→ **The problem**
Each line below from the one containing "Carreta galvanizada, rodoviária" through the one containing "Vathë metalik Elika, ngjyrë ari, ELKGC68316" should be output exactly as it stands, and no other line should appear.

→ **Materials provided**

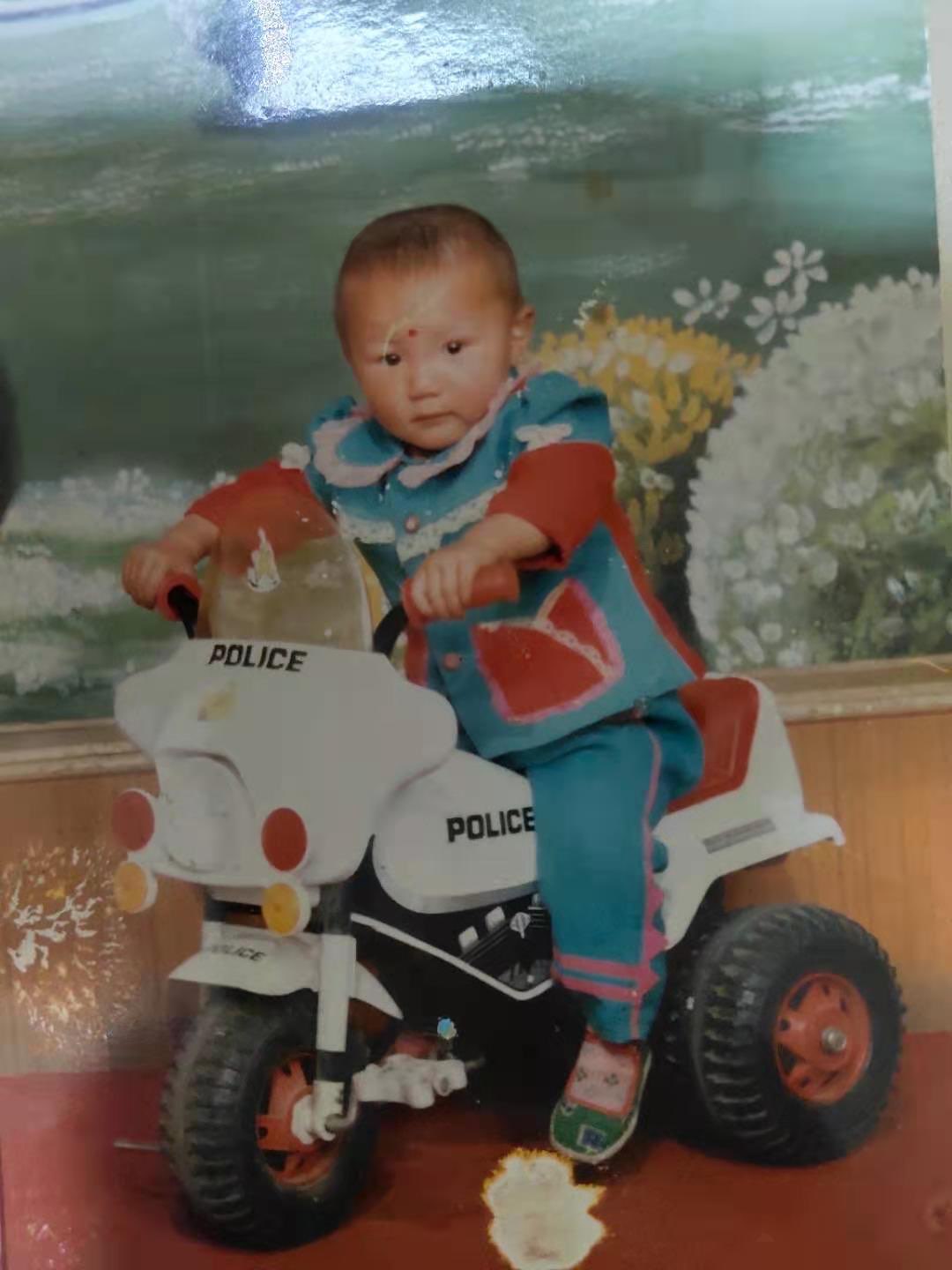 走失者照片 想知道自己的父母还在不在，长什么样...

--

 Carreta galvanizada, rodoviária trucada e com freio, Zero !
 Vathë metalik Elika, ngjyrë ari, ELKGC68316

→ **Answer space**
 Carreta galvanizada, rodoviária trucada e com freio, Zero !
 Vathë metalik Elika, ngjyrë ari, ELKGC68316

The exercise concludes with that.